Comienza un nuevo curso escolar y con él se perpetúan los mismos fallos y carencias a los que estamos condenados como sociedad desde hace décadas. A la vergonzosa diferencia de nivel educativo según territorios se añade la ya tradicional carestía de libros y material escolar. Sin embargo, en esta etapa recién iniciada quisiera poner el foco sobre un fenómeno tan inexplicable como aberrante que hunde sus raíces en motivaciones políticas en vez de pedagógicas y que es la demostración más palpable de la nula voluntad de nuestros dirigentes para abordar un Pacto por la Educación que nos salve de la mediocridad.

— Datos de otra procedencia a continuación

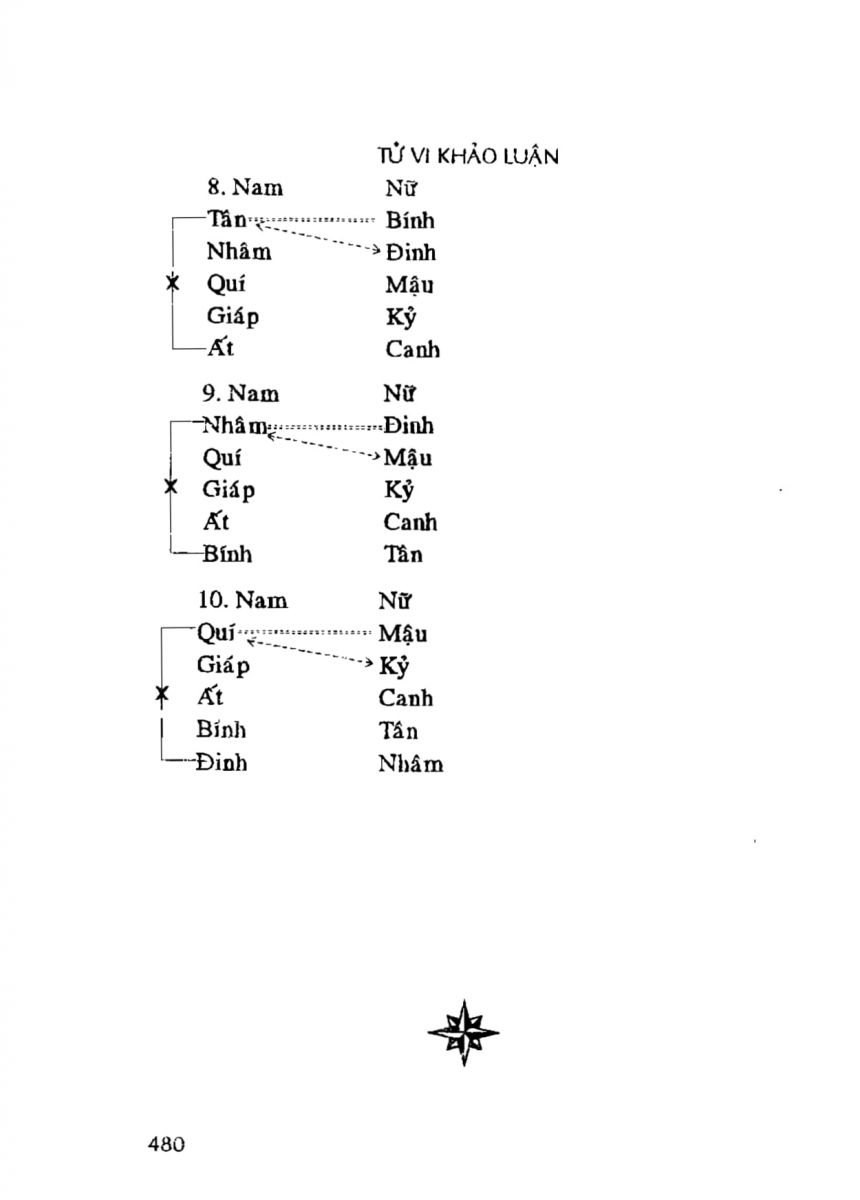Tử Vi Khảo Luận - 480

Desde el ámbito editorial se ha dado la voz de alarma sobre una realidad que, al menos a mí, me obliga a echarme las manos a la cabeza. Al parecer, existen unas veinticinco versiones de libros de texto de las mismas asignaturas, sean Lengua, Ciencias Sociales o, incluso, las aparentemente neutrales Matemáticas. En su informe anual, la Asociación Nacional de Editores de Libros de Texto y Material de Enseñanza alerta sobre la existencia de diferencias muy sustanciales en el tratamiento de las materias según la Comunidad Autónoma de referencia y, a renglón seguido, pide a las autoridades una mayor estabilidad normativa para evitar semejante despropósito. Si a ello se añade la diversidad de calendarios de renovación de los textos, la planificación empresarial se ve afectada y acarrea el incremento del precio final de venta de los tomos.

Sin embargo, lo más lamentable no es el excedente de irresponsables políticos del ramo en este país de países, nación de naciones, lugar de lugares o sitio de sitios, sino su firme objetivo de trasladar al alumnado contenidos contradictorios y hasta falsos sin que les tiemble el pulso. Así, algunos manuales incluyen planteamientos ideológicos tendenciosos que ponen de manifiesto las enormes diferencias territoriales en función de las opciones políticas que ejercen sus respectivos gobiernos.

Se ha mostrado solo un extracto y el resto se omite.